Tinhas várias memórias de infância quando o entrevistaste?
Tinha algumas memórias, e há o olhar que eu tinha na altura e um olhar 40 anos depois. Entretanto cresço, ganho consciência política e o que me deu vontade de realizar o filme foi o facto de ele ter ousado desafiar uma Angola colonial. Fazia vida de rico sem o ser, e a PIDE e a Polícia Judiciária perseguiam-no pensando que ele mantinha um negócio de diamantes, facto que ele nunca assumiu, nem negou. Fazia uma vida de rico, tinha apartamentos e vivia confortavelmente. Como na altura não havia assim tanto dinheiro que permitisse este tipo de vida, as pessoas estranhavam. A distribuição da riqueza era feita de outra forma e havia sempre a ditadura. As fortunas pertenciam aos homens do café, algodão e cacau, os roceiros, mas nada tinha a mesma dimensão que se vê hoje em dia, numa Angola pós-independência. Actualmente são muito mais ricos que os ricos da Angola colonial. O Joãozinho, sendo negro, saía fora do esquema habitual.
Certamente o Joãozinho gostaria de ter visto o filme. Se ele fosse vivo o que gostarias de lhe dizer?
Se ele fosse vivo gostaria de terminar o filme a dar uma volta de carro com ele por Londres, com a sua imagem a rodar na parte dos créditos e música. Hoje dir-lhe-ia que não sendo ele um homem ligado à política, ele acabou por ser um contestatário sem ter feito nada por isso na realidade. As coisas passavam por ele e simplesmente aproveitava.

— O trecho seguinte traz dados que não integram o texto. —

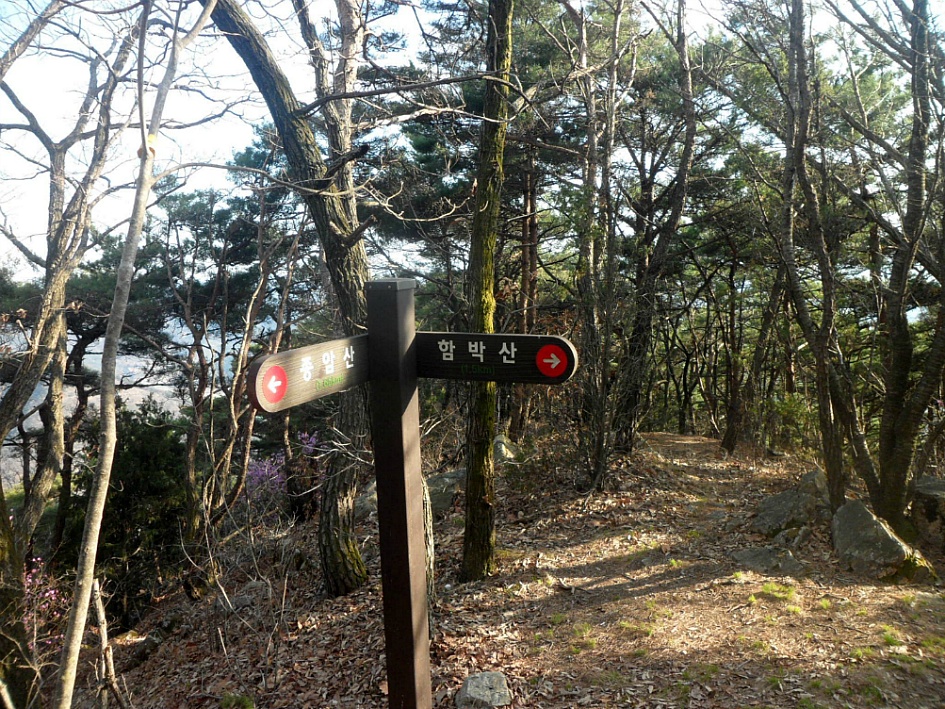 창녕 영취산 2019-03-31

Porquê o nome “O Grande Kilapy”?
O filme era para se chamar “O Filho do Império”. Há 15 ou 20 anos atrás quando reencontrei o Joãozinho, comecei a trabalhar com uma pessoa para o argumento, que na altura não conseguiu entrar no ambiente de uma Angola colonial e acabou por não trabalhar comigo, mas registou o nome “O Filho do Império” no IGAC. Quando enviámos para lá o argumento, o nome já estava registado. Foi assim que decidi optar pelo título Kilapy, que em kimbundu (uma das línguas bantus mais faladas em Angola) significa golpe.
Como definirias o filme a nível de imagem? Não é um filme ligado à estética africana e ligo-o um pouco à imagem afro-americana, da blaxploitation, de filmes como “Shaft”.
Eu próprio tenho dificuldades em classificar o filme. É um filme urbano dos anos 60 aos 70. A blaxploitation, não tem esse lado tão político como existe neste filme e é esse lado que está relacionado com a presença portuguesa em Angola, na forma como a sociedade estava organizada. Ao passo que filmes como “Shaft” relacionam-se mais com a aventura. Este filme acaba por ter os dois lados, tornando-se num híbrido.
A minha ideia com os actores é sempre dar-lhes a noção de liberdade total, ou seja, ao mesmo tempo que explico o que pretendo, dou-lhes a possibilidade de comporem a personagem. Há uma cumplicidade que crio com eles no sentido de me poderem dar tudo na direcção da história do filme, o que resulta bem. Há também um bom trabalho de casting porque se os actores forem mal escolhidos é seguro que a história não vai resultar.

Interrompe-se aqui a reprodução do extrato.